#### [Activity]
The required result is an exact copy of every line from the one with "Fotografía del 14" through the last line below, with the pictures left out.

#### [Dataset section]
=== Section Start ===

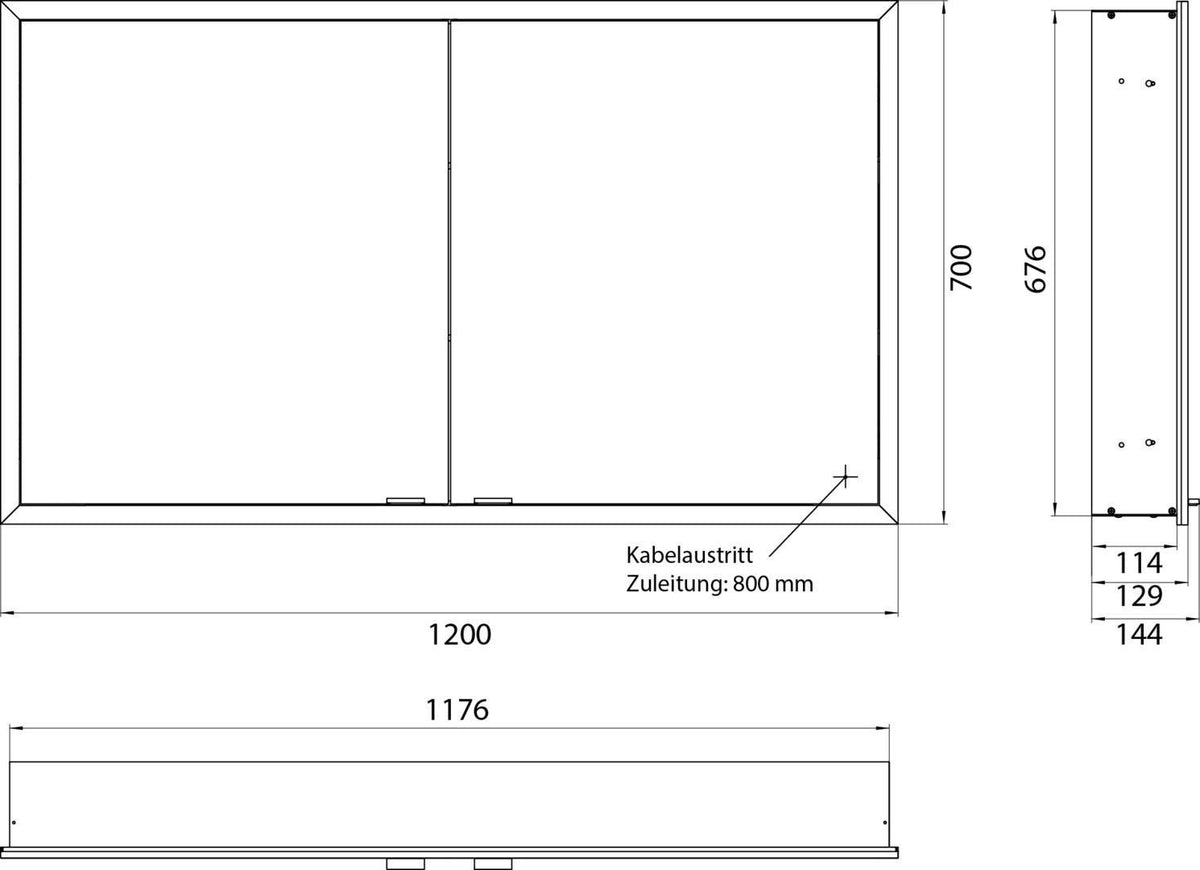 EMCO prime slim Lichtspiegelschrank 1200 mm Unterputz, 2 Türen, LED, Touch, alu/spiegel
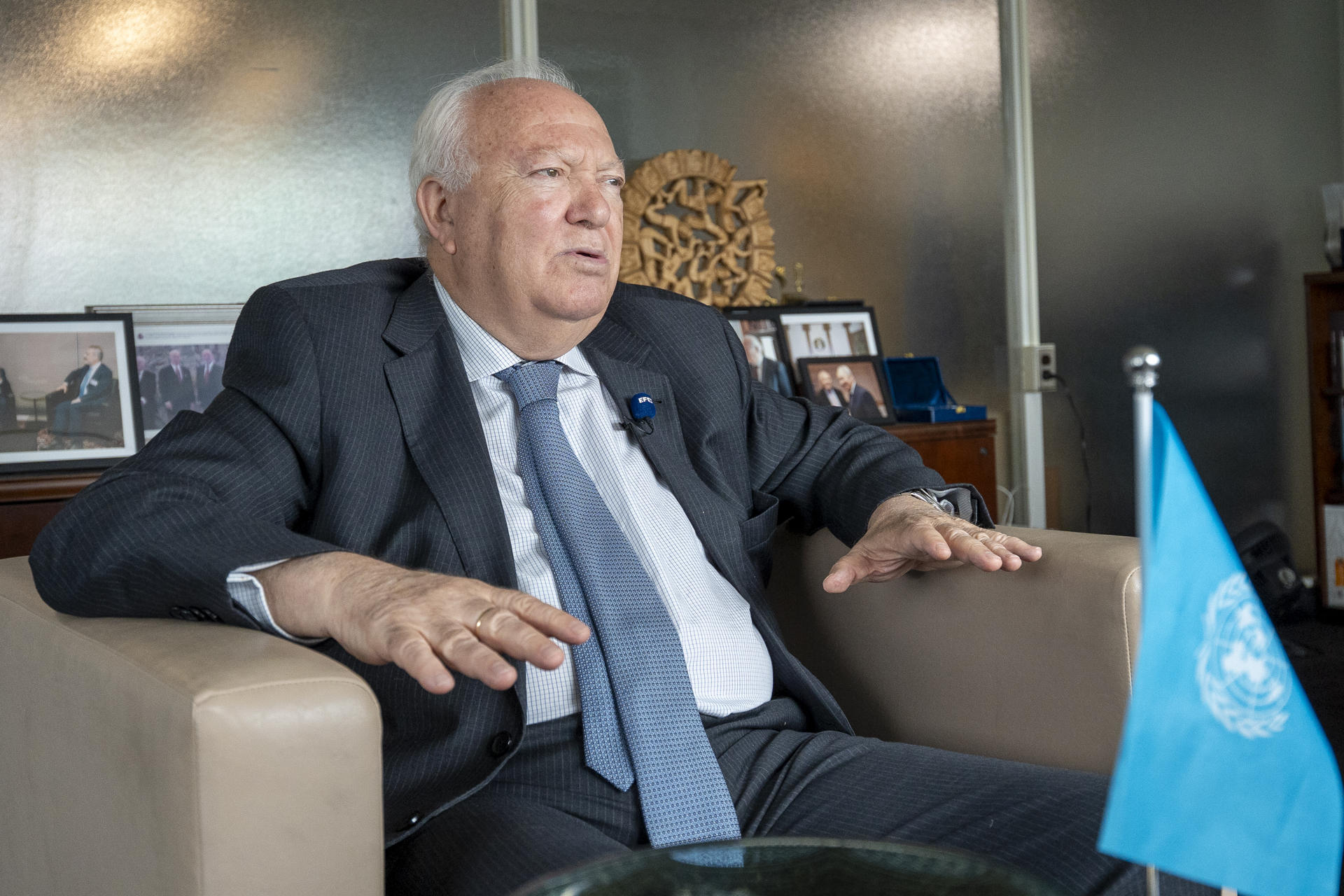 Fotografía del 14 de junio de 2025 del alto representante de Naciones Unidas para la Alianza de Civilizaciones, Miguel Ángel Moratinos, hablando durante una entrevista con EFE, en Nueva York (Estados Unidos). EFE/ Angel Colmenares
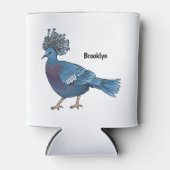 ビクトリア冠ハト鳥の漫画イラストレーション 缶クーラー (正面)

=== Section End ===

#### [Your solution]
 Fotografía del 14 de junio de 2025 del alto representante de Naciones Unidas para la Alianza de Civilizaciones, Miguel Ángel Moratinos, hablando durante una entrevista con EFE, en Nueva York (Estados Unidos). EFE/ Angel Colmenares
 ビクトリア冠ハト鳥の漫画イラストレーション 缶クーラー (正面)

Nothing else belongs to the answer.